Tuesday, May 6, 2014
Mock review: Why I see Saints trading up
By Mike Triplett
All 32 of ESPN’s team reporters got together Tuesday for our NFL Nation mock draft, where we took our best stabs at what our teams will do on Thursday night. I decided to get aggressive on behalf of the New Orleans Saints, trading up eight spots to snag Oregon State receiver Brandin Cooks.
It cost a third-rounder and sixth-rounder to move up from No. 27 to the Miami Dolphins’ pick at No. 19.
I didn’t just make the deal for fun. I think it’s entirely realistic that the Saints will make a similar move to get a much-needed dynamic weapon for their offense – either LSU receiver Odell Beckham Jr., Cooks or USC receiver Marqise Lee.
Although trades are even more difficult to project than the picks themselves, we know there will be a handful of them during the first round of the draft. And New Orleans is about as strong a candidate to move up as any team on the board.
For one thing, the Saints have always been one of the most aggressive teams in the draft during general manager Mickey Loomis’ tenure. They’ve traded up four times in Round 1 during his 11 drafts (and they’ve done it exactly every three years, dating back to 2005, which makes them due).

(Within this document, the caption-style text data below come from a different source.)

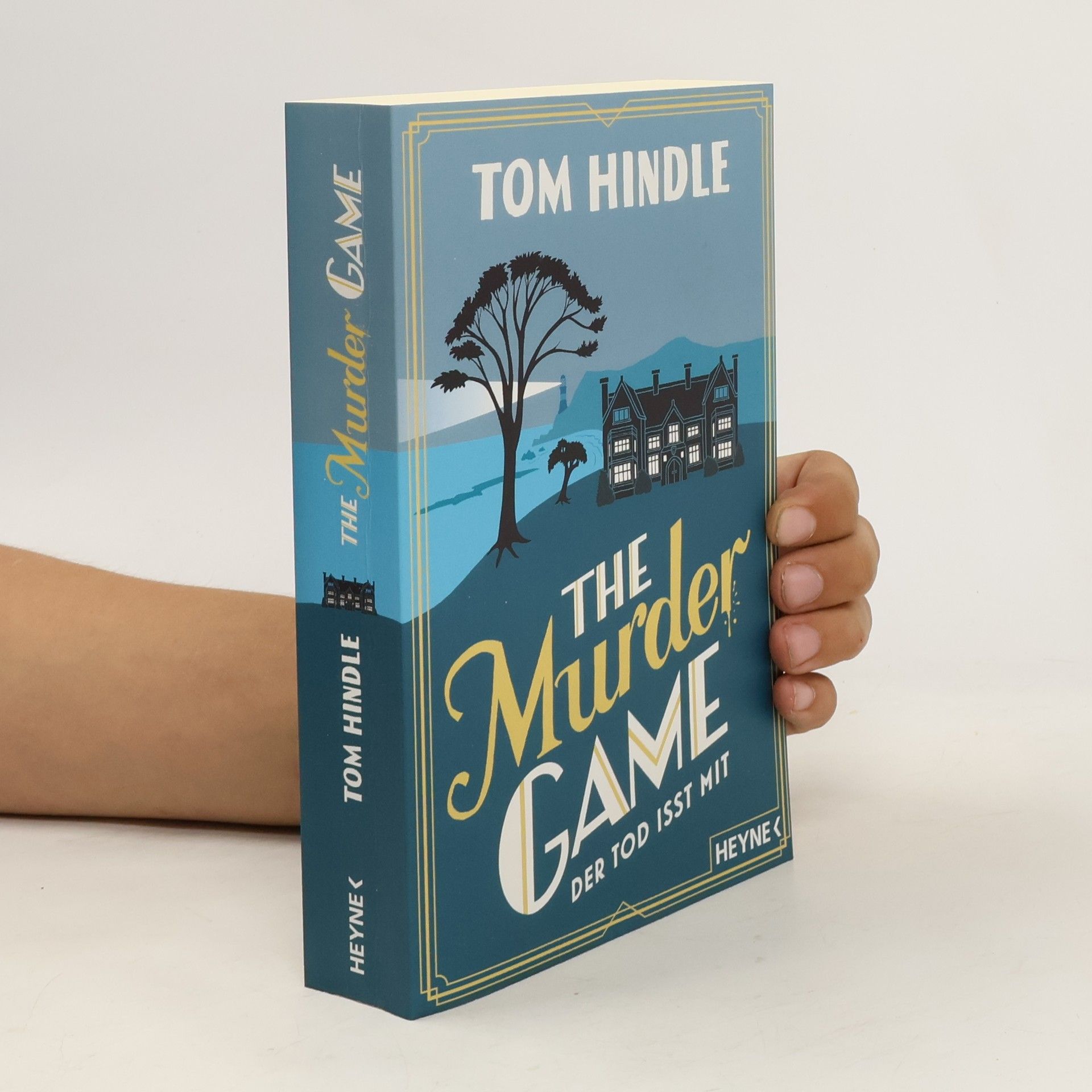 Tom Hindle The Murder Game - Der Tod isst mit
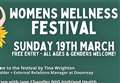All are welcome at Women's Wellness Festival on Sunday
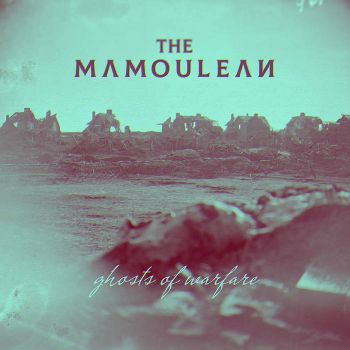 The Mamoulean - Ghosts of Warfare (2020)
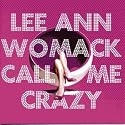 Call Me Crazy
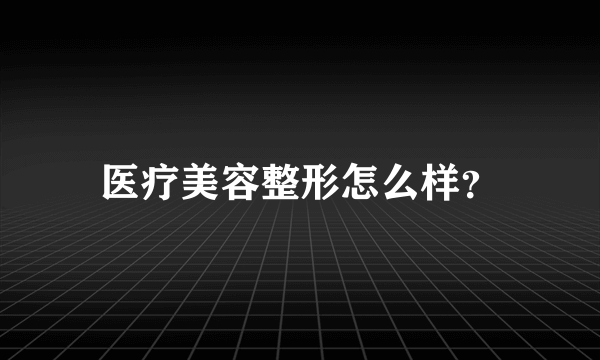 医疗美容整形怎么样？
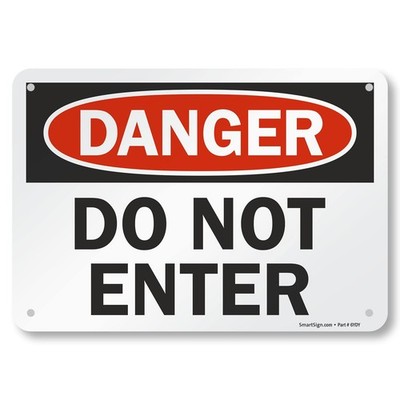 Danger Do Not Enter Sign 7x10 Inch Aluminum for Workplace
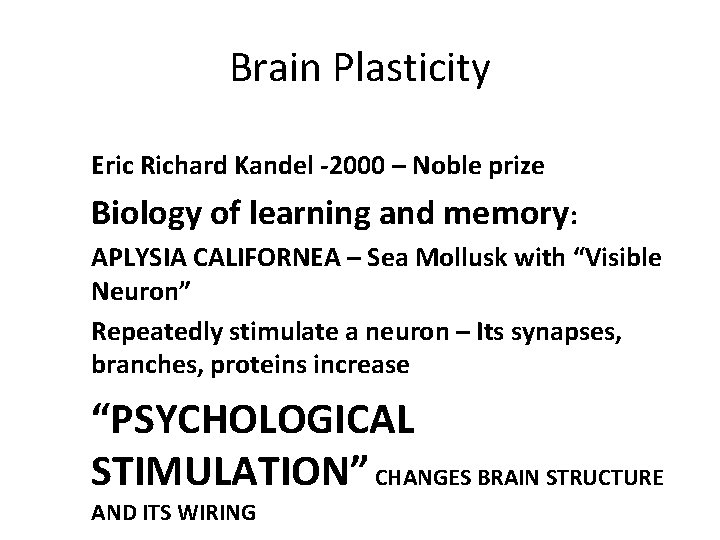 Brain Plasticity Eric Richard Kandel -2000 – Noble prize Biology of learning and memory:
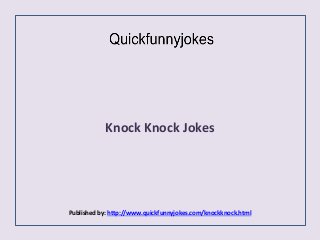 Knock Knock Jokes
Published by: http://www.quickfunnyjokes.com/knockknock.html
 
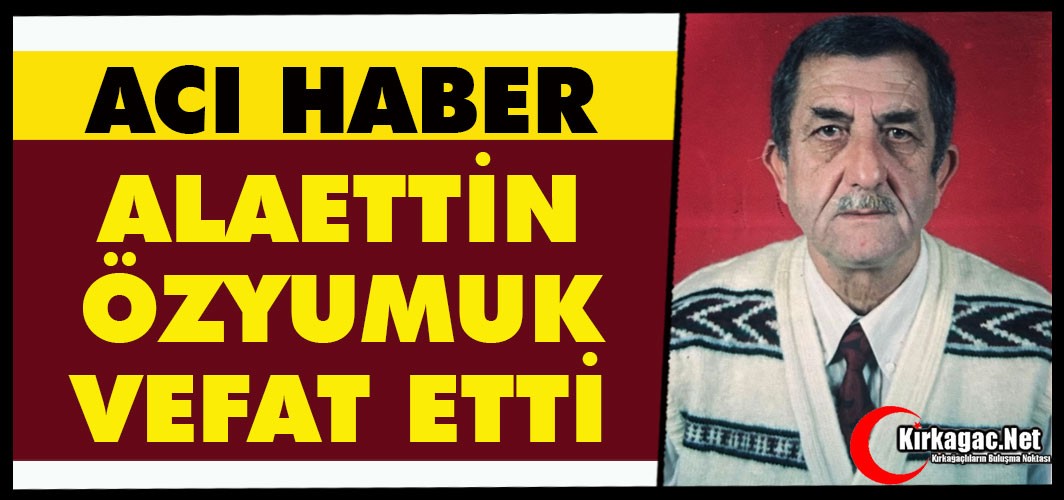 ACI HABER.. ALAETTİN ÖZYUMUK VEFAT ETTİ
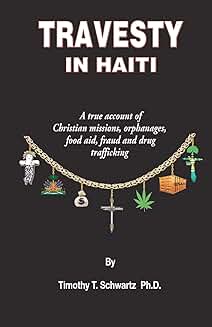 Haiti Crisis: Christian Missions, Orphanages, Fraud, and Drugs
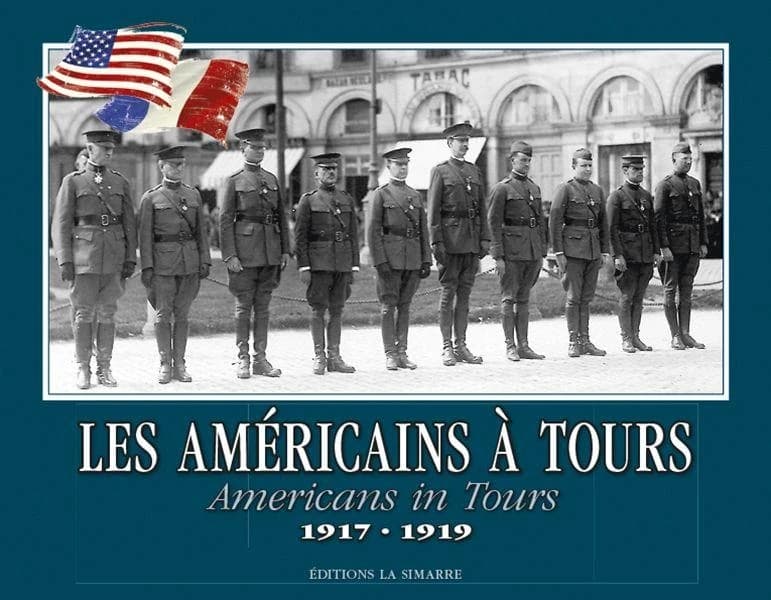 Les Américains à Tours : 1917-1919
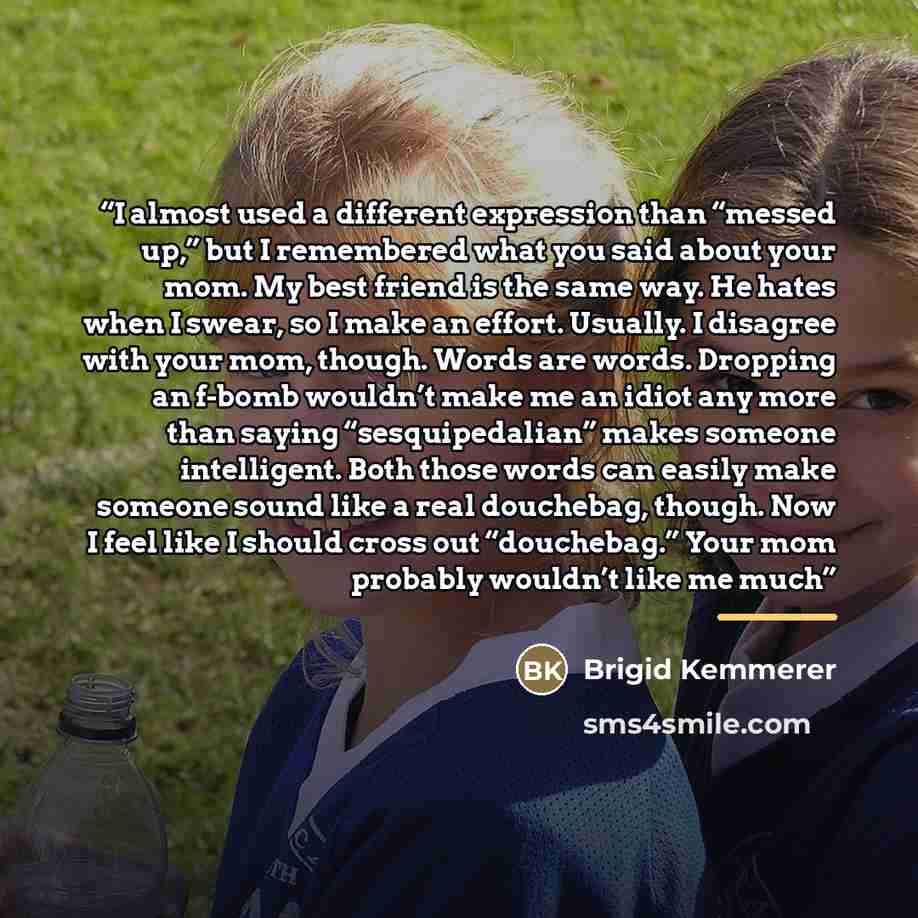 “I almost used a different expression than “messed up,” but I remembered what you said about your mom. My best friend is the same way. He hates when I swear, so I make an effort. Usually. I disagree with your mom, though. Words are words. Dropping an f-bomb wouldn’t make me an idiot any more than…” quote by Brigid Kemmerer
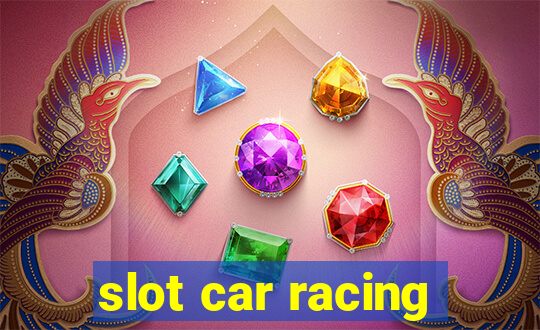 slot car racing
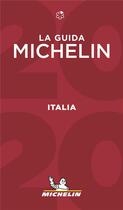 Couverture du livre « Italia ; la guida Michelin (édition 2020) » de Collectif Michelin aux éditions Michelin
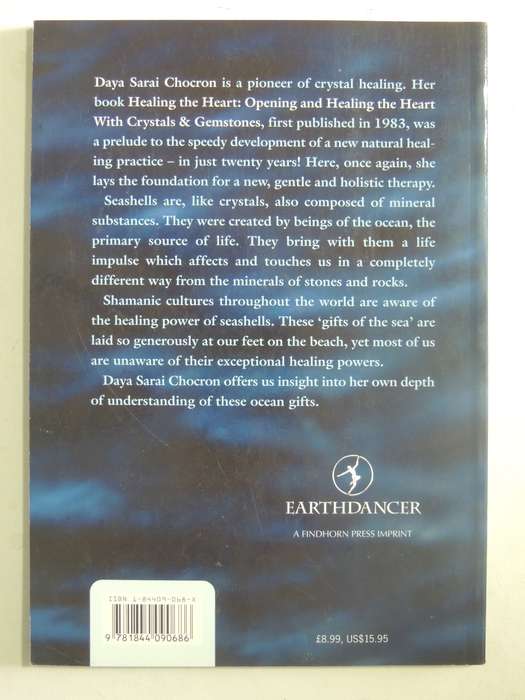 The Healing Power Of Seashells - Daya Sarai Chocron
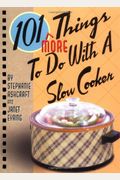 101 More Things To Do With A Slow Cooker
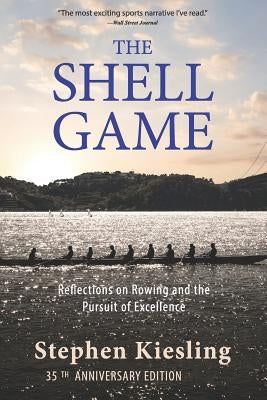 The Shell Game: Reflections on Rowing and the Pursuit of Excellence by Kiesling, Stephen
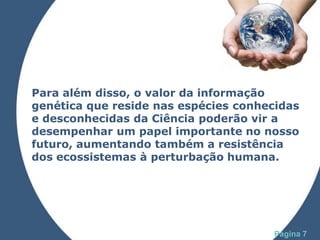 Para além disso, o valor da informação
genética que reside nas espécies conhecidas
e desconhecidas da Ciência poderão vir a
desempenhar um papel importante no nosso
futuro, aumentando também a resistência
dos ecossistemas à perturbação humana.




              Powerpoint Templates
                                      Página 7
 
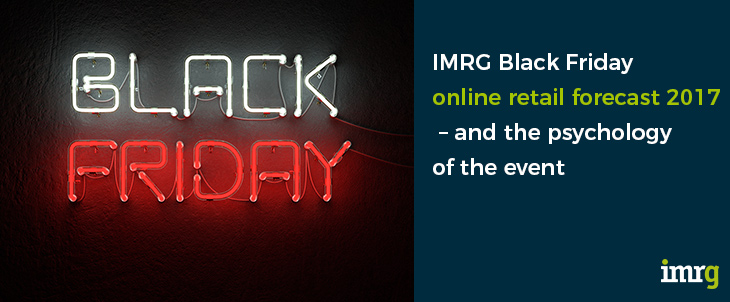 IMRG has its say on Black Friday 2017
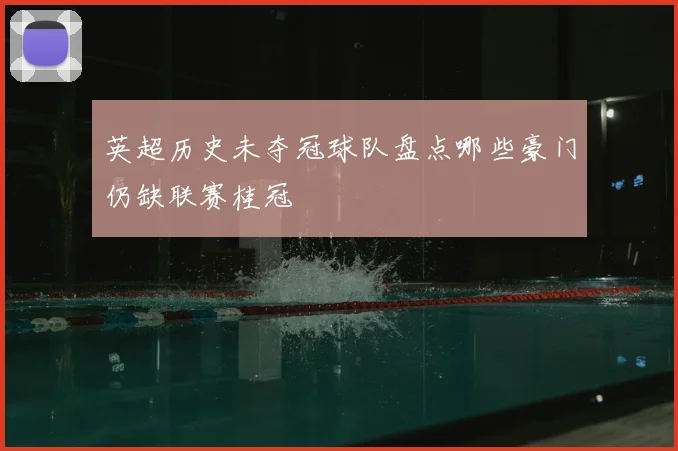 英超历史未夺冠球队盘点哪些豪门仍缺联赛桂冠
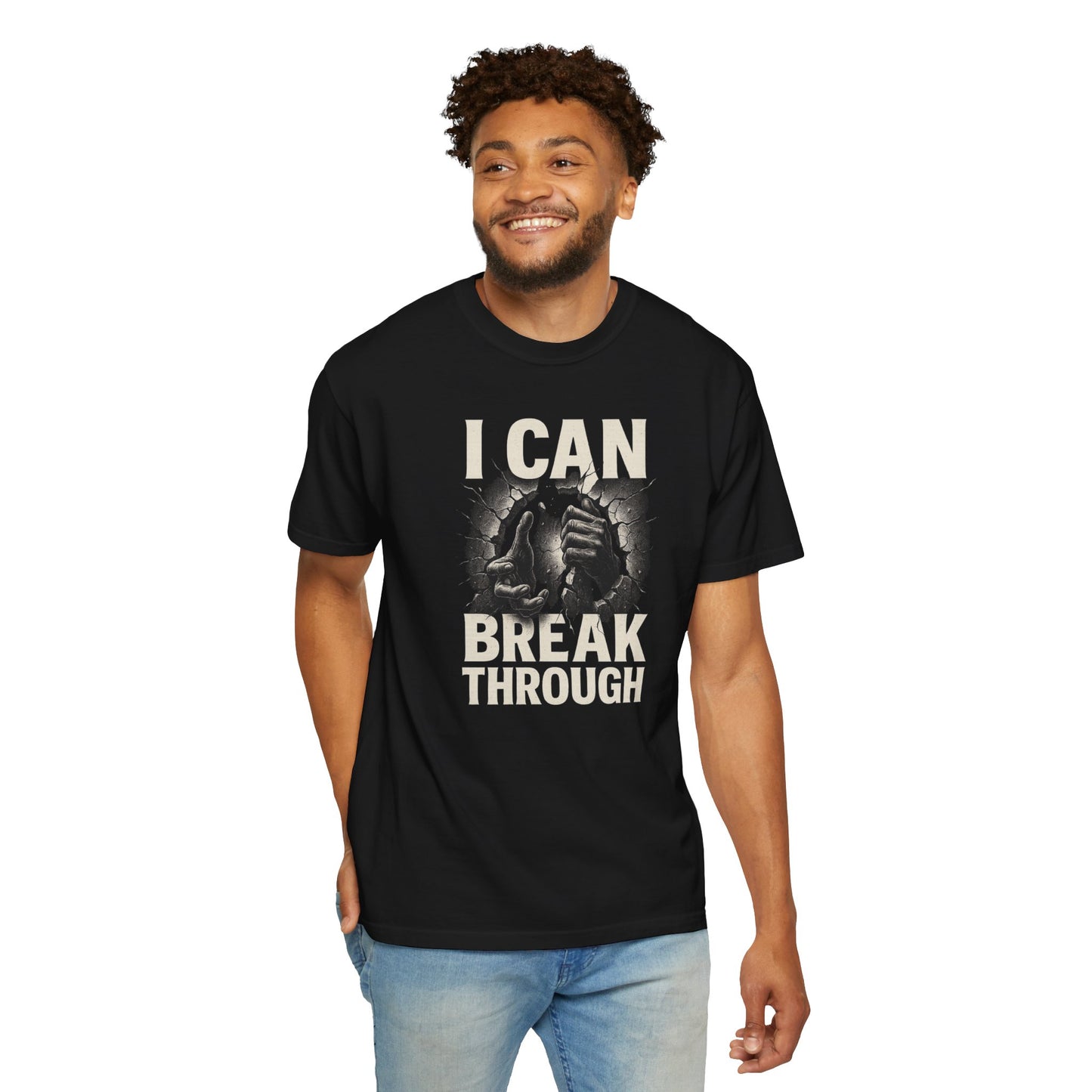 Motivational Unisex T-Shirt, I Can Break Through, Inspirational Tee, Gift for Dreamers, Casual Wear, Positive Message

For another thing, the Saints have already shown an aggressive approach this offseason, making a big move to sign free-agent safety Jairus Byrd. They have a deep, talented roster, and they’re already a bona fide Super Bowl contender this year. Although they won’t mortgage their future, they could certainly be on the lookout for an impact player that can help right away.
Last but not least, a big-play receiver would be worth the price for the Saints – in both the short term and long term. I have that position ranked as the Saints’ No. 1 need now that they’ve parted ways with core offensive players Darren Sproles and Lance Moore this offseason.
A speedy young receiver could make an immediate impact, and New Orleans will eventually need a replacement in the starting lineup for current No. 1 receiver Marques Colston.
So I reached out to several colleagues about the possibility of moving up in the draft. I started chatting with teams as high as No. 15, especially when Beckham was still on the board. But I didn’t want to overspend on the Saints’ behalf. I figured the price was right in this deal, giving up a third-rounder (No. 91 overall) and sixth-rounder (No. 202) to move up to the Dolphins’ pick at No. 19.
Dolphins reporter James Walker and I looked at recent comparables to settle on the price tag. Two years ago, the New England Patriots gave up a third-round choice (No. 93 overall) to move up from No. 27 to No. 21. Last year, the San Francisco 49ers gave up an even higher third-round choice (No. 74 overall) to jump from No. 31 to No. 18.
The deal would have fallen through if one of Walker’s coveted players was still on the board for Miami at No. 19 (the kind of thing that can sabotage real NFL trades). And I would have backed out if Beckham and Cooks were both off the board. But everything fell into place.
I had also checked in with some of the teams picking in the early 20s to see what it would cost to move up and get Lee as a backup option.
I don’t expect any of those three receivers to last until the Saints’ pick at No. 27. If those three guys are gone, I don’t necessarily think the Saints will reach for a receiver since they could still get a quality receiver in the second, third or fourth round.
But these three guys stand out as worth the price in my mind. And I think the Saints might feel the same way.
Also worth noting -- if I hadn’t made a trade, I would have gone with TCU cornerback Jason Verrett at No. 27 instead.